Phones are all around us. A recent study has shown that 95% of Americans own cell phones and that 77% of Americans own smartphones (up from 35% just 6 years ago, so likely to continue to grow), which in many ways are the best symbol of technology in our world since it gives immediate access to the internet. The average person checks their cell phone every 4.3 waking minutes, and many have the phone as the first thing they look at in the morning and last thing they look at before bed.
If you have a smartphone (or the internet in general) have you ever considered if you are addicted to it and if your use of it is changing and shaping you? I was confronted by that question this summer as I listened to a sermon series on the topic by a church whose sermons I download on a podcast (and listen to on my phone, ironically enough). It has caused me to think about my use of technology. I am by no means a techie (in fact, I am a slow and reluctant adopted of new technology), but I use technology and, as a follower of Christ, need to use it thoughtfully and to the glory of God.

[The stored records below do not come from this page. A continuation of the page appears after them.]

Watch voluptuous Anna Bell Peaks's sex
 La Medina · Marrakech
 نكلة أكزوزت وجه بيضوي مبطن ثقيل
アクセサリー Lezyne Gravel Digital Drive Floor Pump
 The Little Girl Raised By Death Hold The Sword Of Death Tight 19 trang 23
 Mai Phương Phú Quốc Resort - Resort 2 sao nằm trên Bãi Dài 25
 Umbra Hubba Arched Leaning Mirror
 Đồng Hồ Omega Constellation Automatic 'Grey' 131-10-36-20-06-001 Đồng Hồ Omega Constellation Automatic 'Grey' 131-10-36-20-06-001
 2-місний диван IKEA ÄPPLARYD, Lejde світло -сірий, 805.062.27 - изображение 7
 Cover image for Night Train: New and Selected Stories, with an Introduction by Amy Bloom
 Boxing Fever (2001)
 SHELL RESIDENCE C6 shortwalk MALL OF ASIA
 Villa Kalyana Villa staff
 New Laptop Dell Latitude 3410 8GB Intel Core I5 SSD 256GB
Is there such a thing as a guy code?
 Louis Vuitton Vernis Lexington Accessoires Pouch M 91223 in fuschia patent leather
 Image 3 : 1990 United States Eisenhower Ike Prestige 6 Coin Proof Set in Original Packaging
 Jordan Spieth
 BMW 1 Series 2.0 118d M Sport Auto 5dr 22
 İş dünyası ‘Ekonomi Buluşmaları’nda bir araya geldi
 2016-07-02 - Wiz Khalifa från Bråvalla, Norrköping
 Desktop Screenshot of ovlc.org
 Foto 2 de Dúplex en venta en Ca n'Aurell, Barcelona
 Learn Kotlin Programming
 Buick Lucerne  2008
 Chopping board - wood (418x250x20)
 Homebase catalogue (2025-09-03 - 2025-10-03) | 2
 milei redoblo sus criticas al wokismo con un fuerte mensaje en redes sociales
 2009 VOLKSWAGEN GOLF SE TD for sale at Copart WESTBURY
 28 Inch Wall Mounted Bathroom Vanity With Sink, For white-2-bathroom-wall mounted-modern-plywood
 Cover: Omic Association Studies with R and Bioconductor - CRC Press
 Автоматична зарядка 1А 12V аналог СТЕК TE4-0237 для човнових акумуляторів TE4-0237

Recognize That Technology Shapes Us
Back in 1964, Marshall McLuhan stated, “The medium is the message,” pointing out that the delivery mechanism for information helps shape the message we receive. If the content can change the way we think, feel, or act, so can the mechanism (the medium). This idea of being shaped by the medium as well as the message has been considered in more detail concerning the cell phone in the recent book 12 Ways Your Phone is Changing You by Tony Reinke (Wheaton, IL: Crossway, 2017). In the book, Reinke notes how phones and social media causes us to be distracted and ignore people and relationships; while being more connected, we are also more lonely (and at times mean towards others). Phones can cause us to be more focused on what we don’t have (and afraid of missing out) and not ponder the deep things of life. We become more focused on being “liked” than on God’s approval and thoughts on our life. (for the list of all 12 ways, see this video). As I read this book, I started to think how I have noticed some of these elements appearing in my life.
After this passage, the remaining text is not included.